Chris Goodlett of the Kentucky Derby Museum said that future Churchill Downs president Matt J. Winn recounted in an interview with writer and Churchill Downs publicist Frank Menke in the 1940s his memories of the first Derby, which he saw from the infield on his father’s grocery hauling wagon.

“One of the memories he really talks about is the smell of the fried chicken wafting in the infield,” Goodlett said. Winn recalled people passing around fried chicken, fried fish and country ham in a festival atmosphere.

Most likely people brought in their own food, he said. “I can’t say with any certainty that they would have had a concession stand as we would know it in 1875.”

Picnics were undoubtedly popular, just as they are now, and many of the items we’d include today from ham on biscuits to Benedictine’s cucumber and cream cheese spread would have been perfect.

Winn also recalled that in his boyhood in Louisville his mother smoked ham, baked, sausage and had chickens for eggs, canned or picked fruits and vegetables. There was no city water yet or electricity so everyone cooked by coal or wood stoves.

Longtime Herald-Leader racing writer and now historian Maryjean Wall pointed out another possibility: Burgoo, a meaty stew that has been associated with racing meetings since the early 1800s and still is today, most famously at Keeneland. There was even a horse named for the dish: “Burgoo King was a Derby winner for E. R. Bradley,” in 1932, Wall said.

We have some idea of what they didn’t have:

They didn’t have Coca-Cola, which wouldn’t be invented until 1886. Or Cracker Jack, which was introduced in 1896 by the F. W. Rueckheim & Bro. candy and popcorn shop in Chicago.

It’s possible they had hot dogs but almost certainly not from a concessionaire.

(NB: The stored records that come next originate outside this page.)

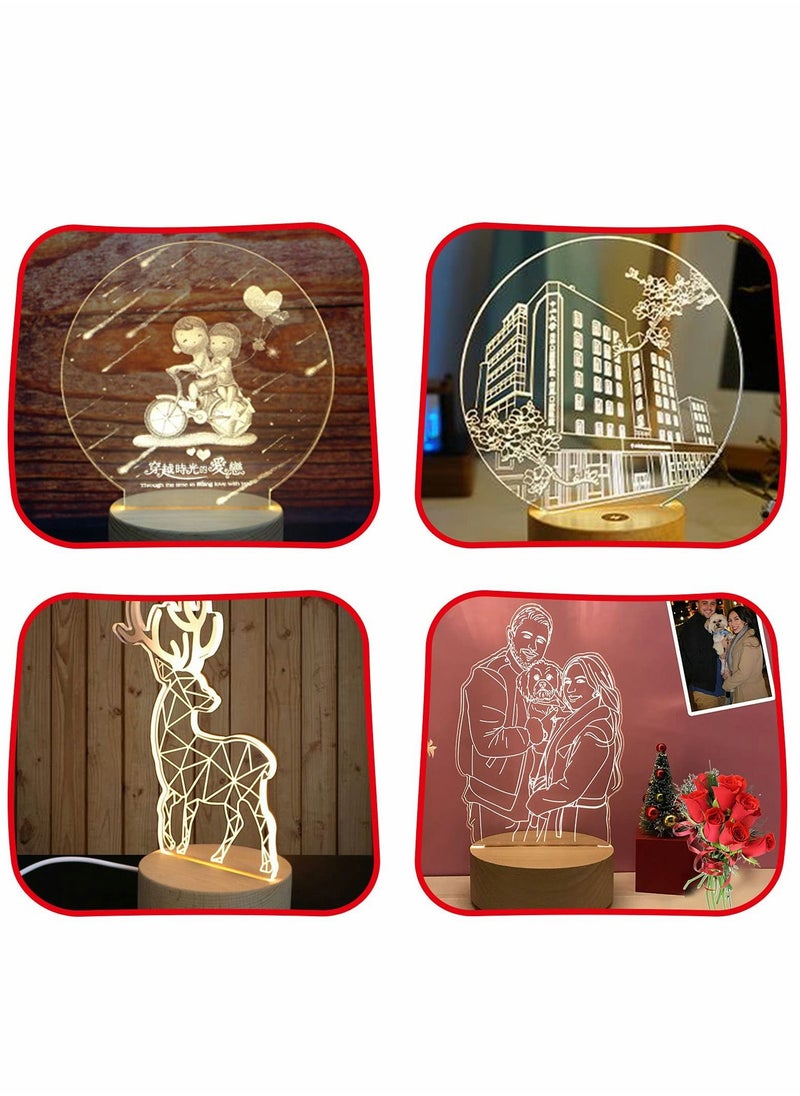 Y&D Wood Light Display Base Sets Wooden LED Crystal Glass Stand for Resin Art, 2Pcs  - Image 5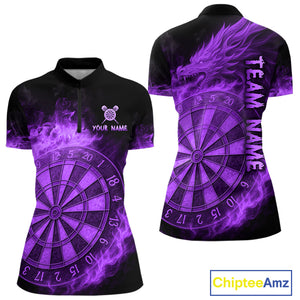 Personalized 3D Purple Dartboard Dragon Flame Dart Shirts For Women Custom Darts Team Jerseys TDM4312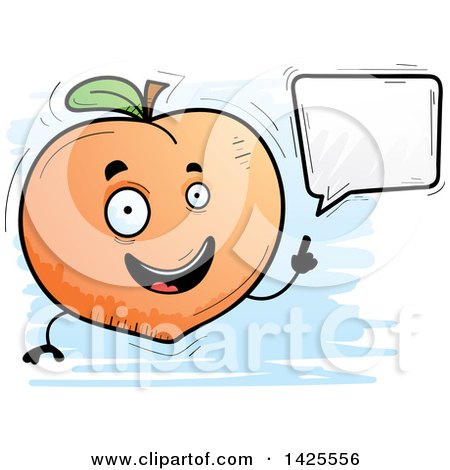Clipart of a Cartoon Doodled Talking Peach Character - Royalty Free Vector Illustration by Cory Thoman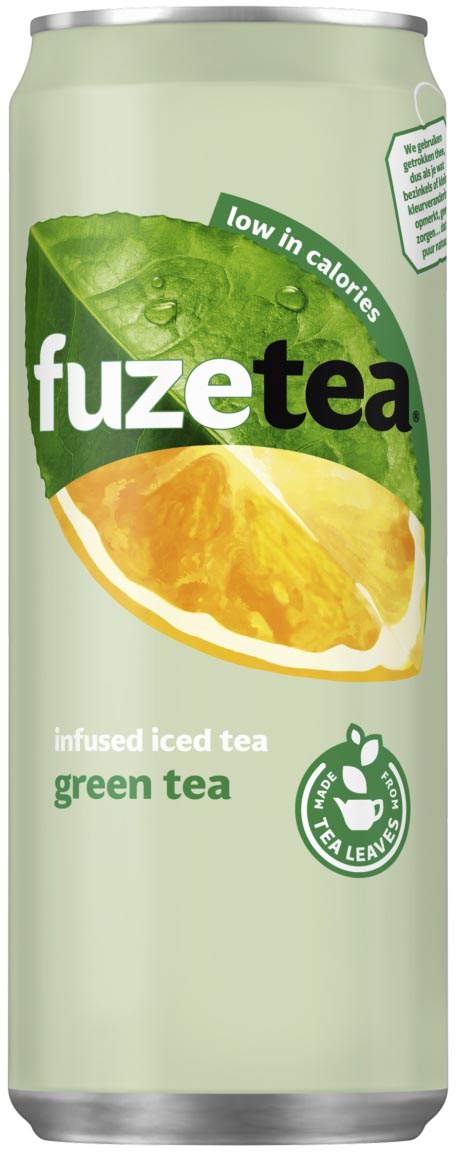 Fuze Tea frisdrank, niet-bruisend, sleek blik van 33 cl, pak van 24 stuks, groene thee afbeelding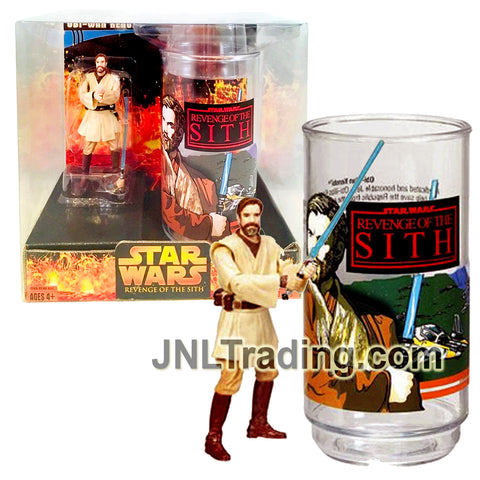 Year 2005 Star Wars Revenge of the Sith Series 4 Inch Tall Figure Set : OBI-WAN KENOBI with Blue Lightsaber Plus Collectible Cup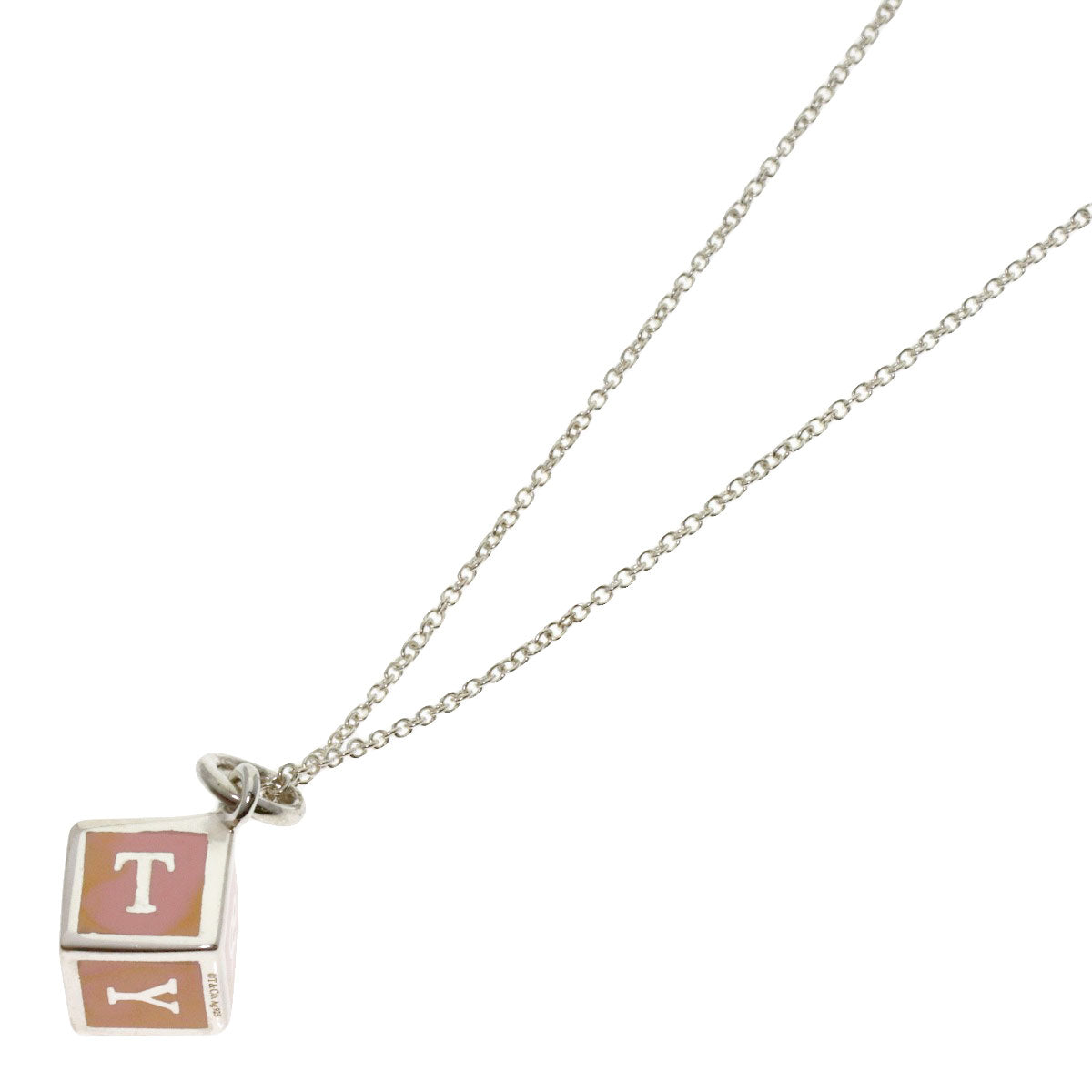 TIFFANY&Co. Logo Cube Enamel Necklace Silver Ladies [Used]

While the frankfurter has been around since 1487 and Germans always at them with bread, and a German baker opened the first Coney Island hot dog stand in 1871, they didn’t become standard fare at baseball games until 1893, according to hot dog researchers.

But fried chicken is almost as universal as the julep: Goodlett said that one surviving Derby festivities menu from a 1964 picnic with horse breeder Mrs. Cornelius Vanderbilt Whitney “lists cold chicken, biscuits stuffed with ham and individual pecan pies.”

Today’s Derby goers will consume from concession stands thousands of pounds of barbecue sandwiches, beef, chicken, pork loin, roasted shrimp, hot dogs and of course gallons of mint juleps, Goodlett said.